(Stored dataset items)
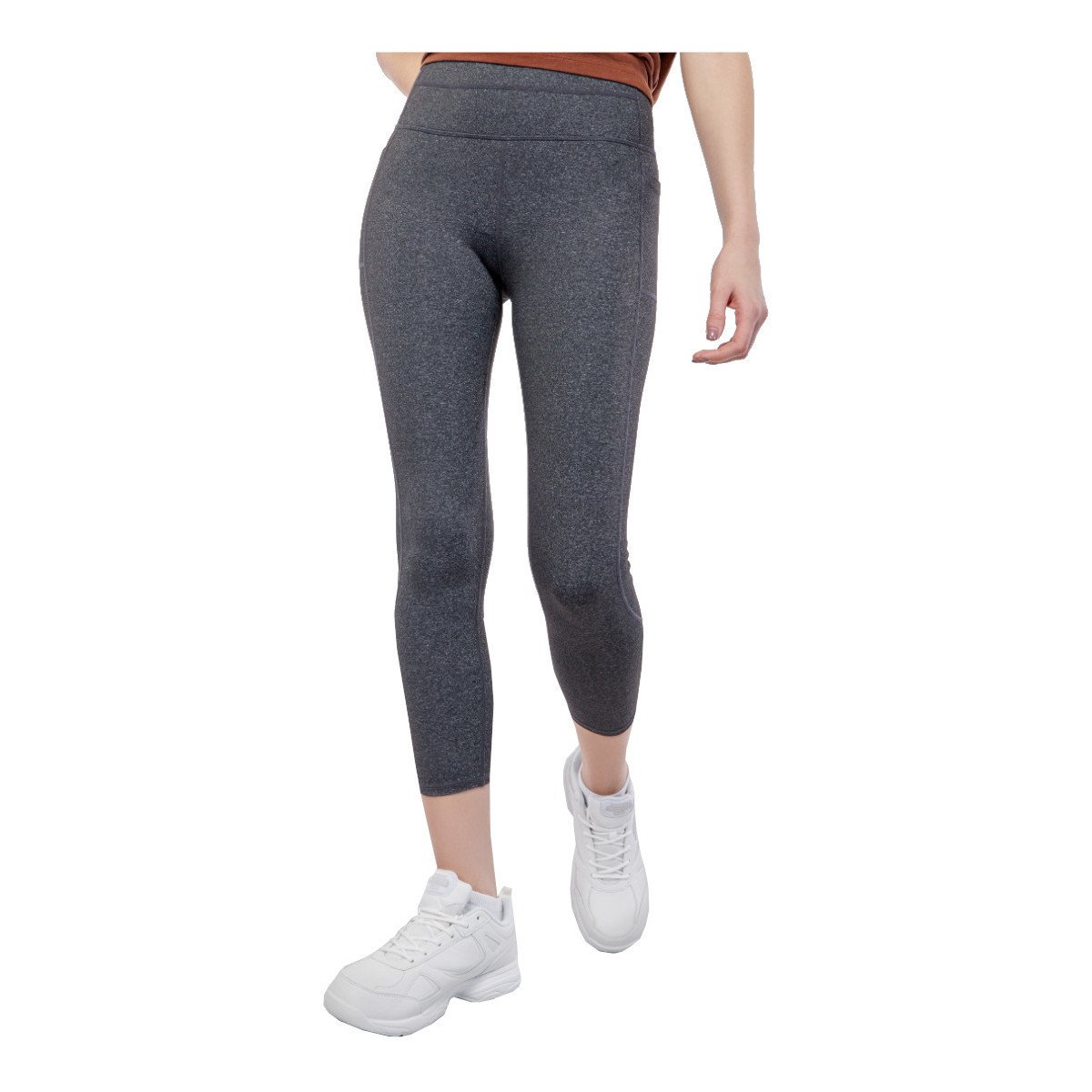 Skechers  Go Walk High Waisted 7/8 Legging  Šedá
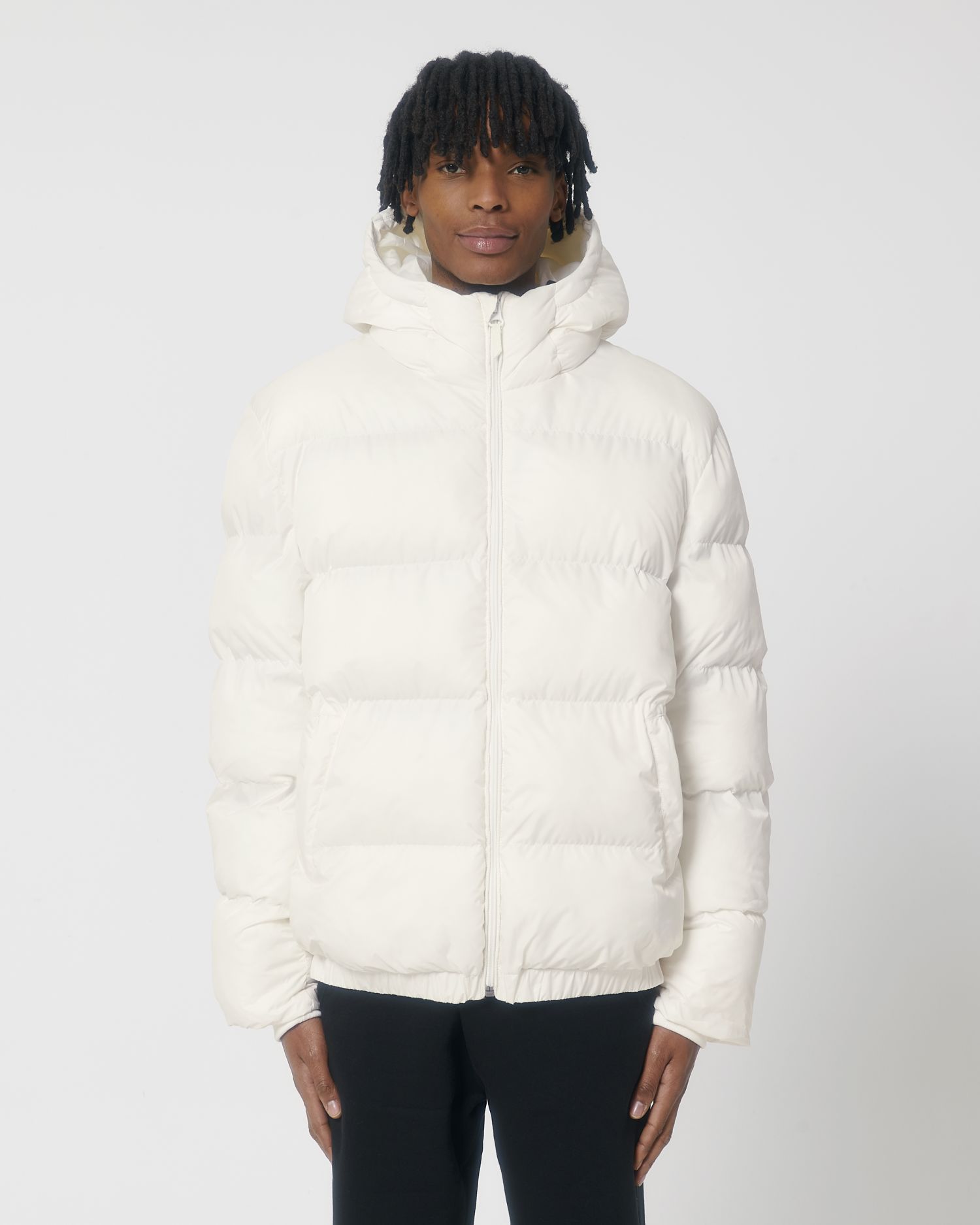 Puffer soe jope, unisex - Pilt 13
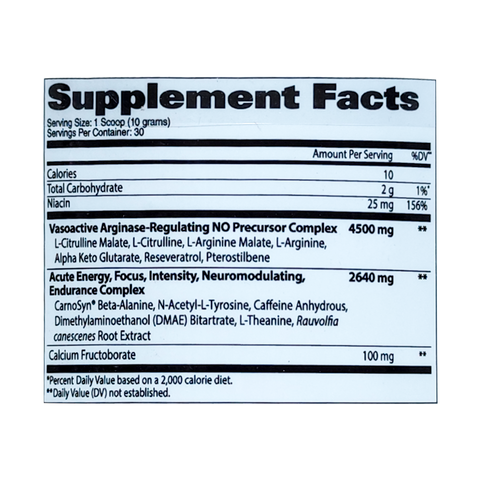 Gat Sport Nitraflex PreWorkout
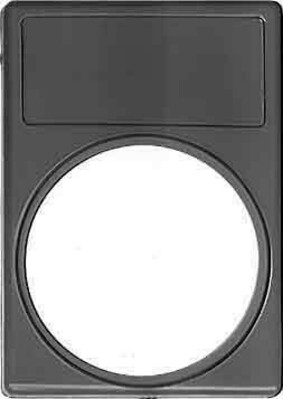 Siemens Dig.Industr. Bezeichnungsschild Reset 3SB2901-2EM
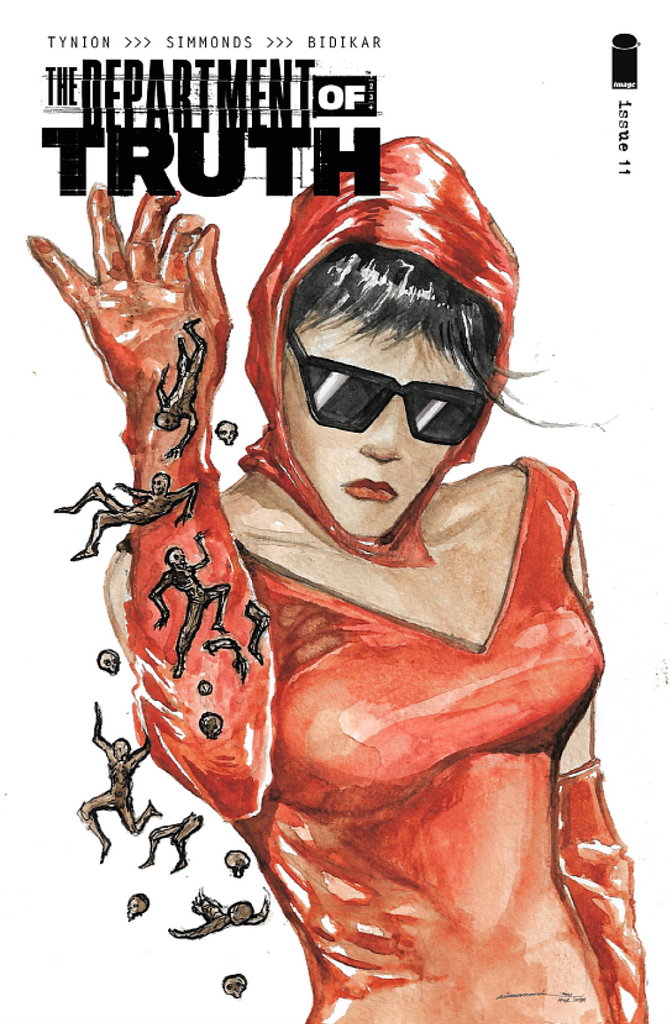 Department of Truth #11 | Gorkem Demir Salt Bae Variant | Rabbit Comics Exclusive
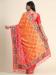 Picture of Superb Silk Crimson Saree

» What you need to do:
Word for word, give again the lines from the line with "Department of Truth" through the end of the records above, with both ends included and the pictures left out.

» Output for this task:
 Department of Truth #11 | Gorkem Demir Salt Bae Variant | Rabbit Comics Exclusive
 Picture of Superb Silk Crimson Saree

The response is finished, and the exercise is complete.